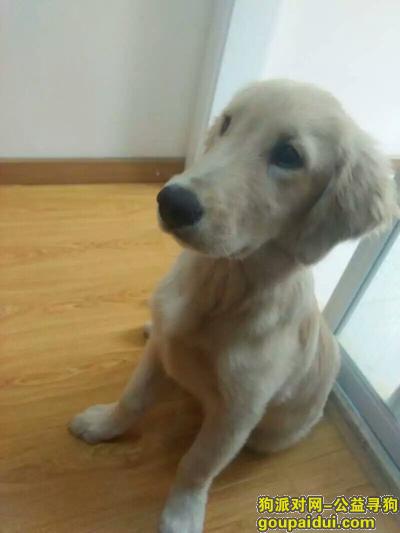 【威海找狗】，寻狗启示 金毛犬 帅帅，它是一只非常可爱的宠物狗狗，希望它早日回家，不要变成流浪狗。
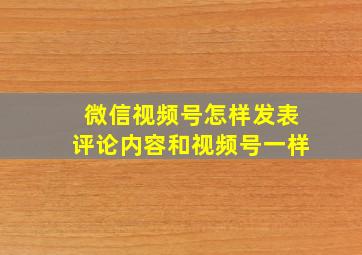 微信视频号怎样发表评论内容和视频号一样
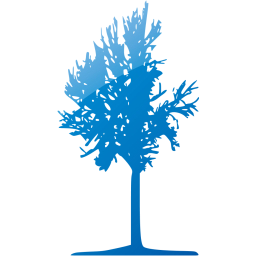 tree 42 icon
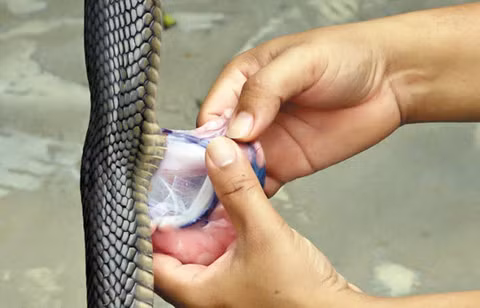 Mật rắn có vị ngọt, cay, không đắng. Mật rắn được sấy khô, tán bột có tác dụng hạ sốt, giảm đau, tiêu đờm, giảm ho. Ảnh: Xóm nhiếp ảnh.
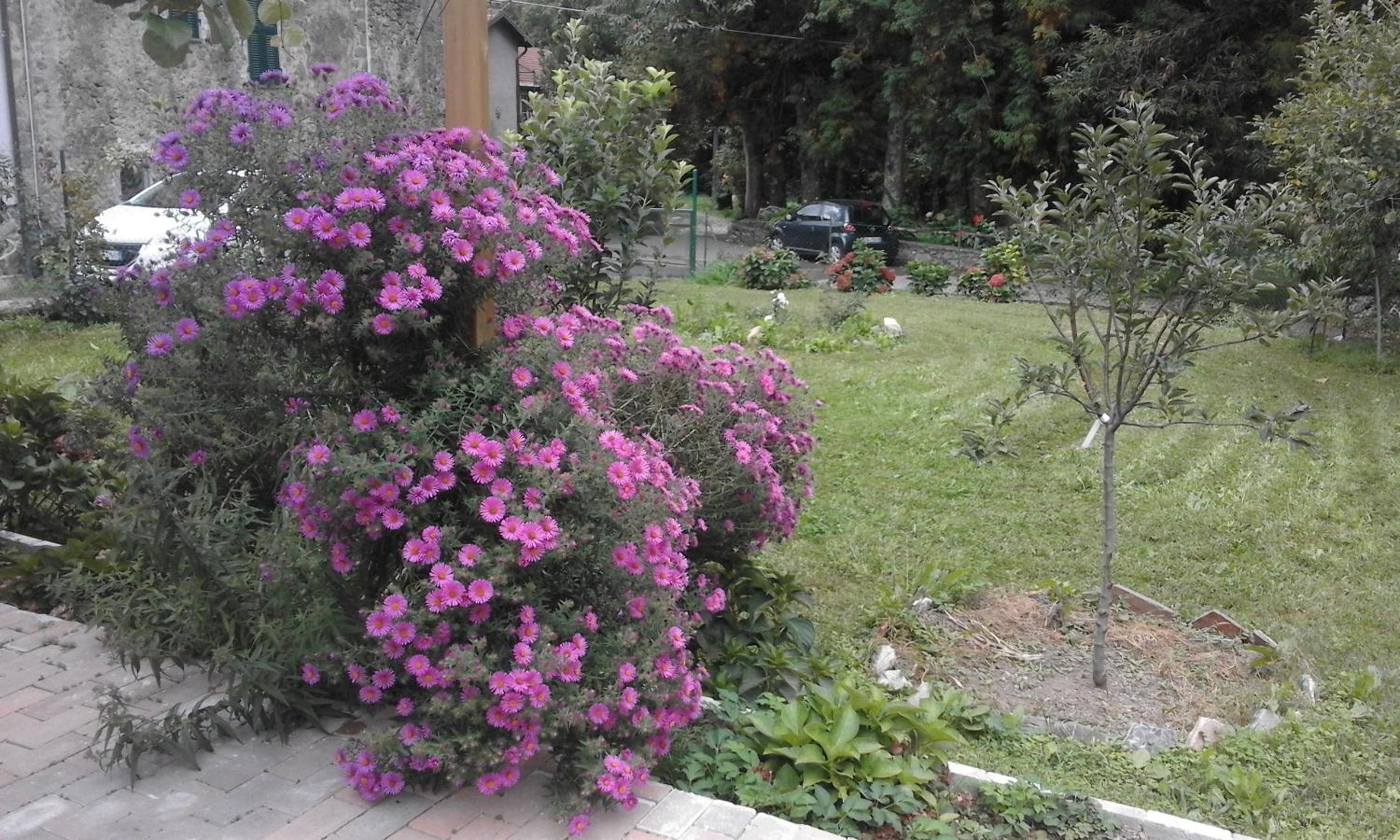 Photo 33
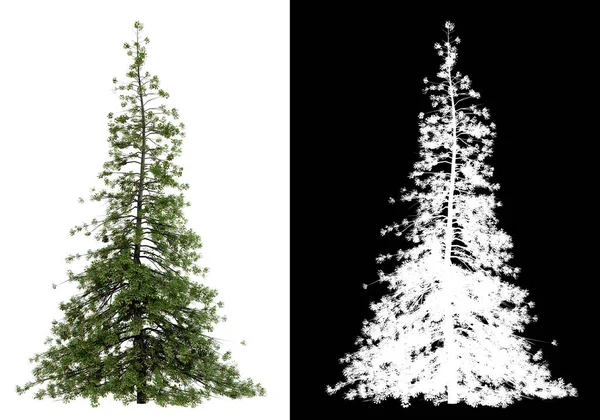 Изолированное Дерево Белом Фоне Иллюстрация Рендеринга Лицензионные Стоковые Фото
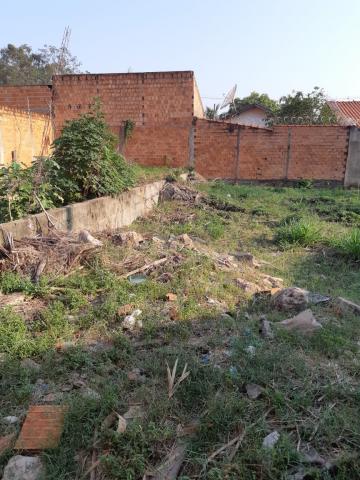 imagem 3 - Terreno - Padrão imagem 3 - Terreno - Padrão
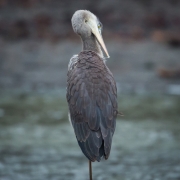 Great Blue Heron_54A5619
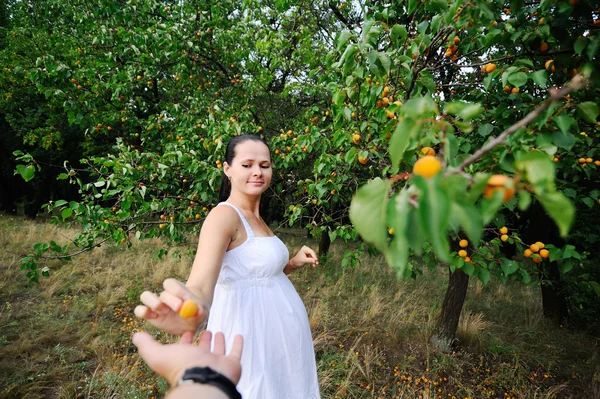 Zwangere meisje in een witte jurk verzamelt abrikozen — Stockfoto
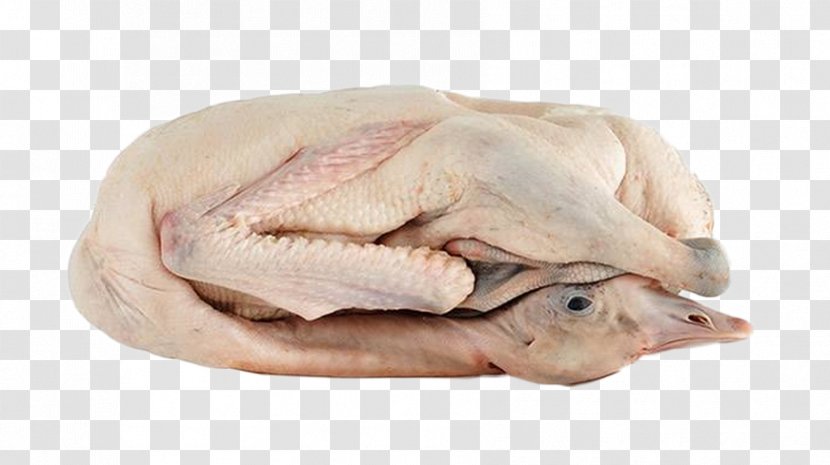 Domestic Goose Roast Yongda Meat Food - Common Quail - Free Buckle Material Picture Transparent PNG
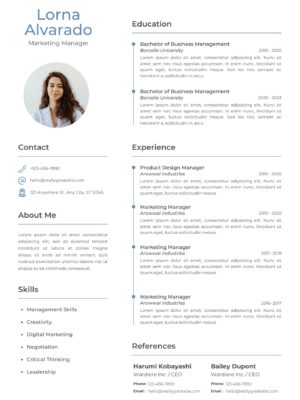 Professional Marketing CV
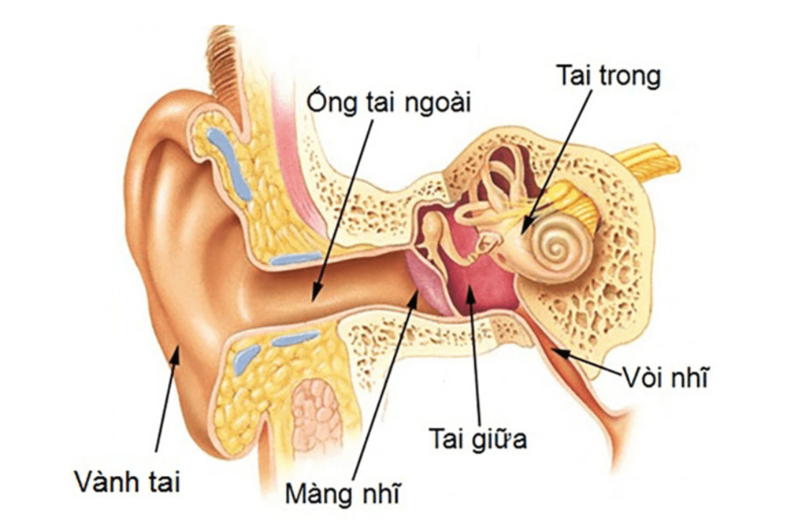 Tai giữa là khu vực dễ mắc viêm nhiễm nhất, đặc biệt ở trẻ nhỏ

===============

[Work to complete] Where a line contains "微信视频号怎样发表评论内容和视频号一样", begin there and transcribe every line through the last one of the records above, exactly and with no pictures.

[Answer]
 微信视频号怎样发表评论内容和视频号一样
 tree 42 icon
 Mật rắn có vị ngọt, cay, không đắng. Mật rắn được sấy khô, tán bột có tác dụng hạ sốt, giảm đau, tiêu đờm, giảm ho. Ảnh: Xóm nhiếp ảnh.
 Photo 33
 Изолированное Дерево Белом Фоне Иллюстрация Рендеринга Лицензионные Стоковые Фото
 imagem 3 - Terreno - Padrão imagem 3 - Terreno - Padrão
 Great Blue Heron_54A5619
 Zwangere meisje in een witte jurk verzamelt abrikozen — Stockfoto
 Domestic Goose Roast Yongda Meat Food - Common Quail - Free Buckle Material Picture Transparent PNG
 Professional Marketing CV
 Tai giữa là khu vực dễ mắc viêm nhiễm nhất, đặc biệt ở trẻ nhỏ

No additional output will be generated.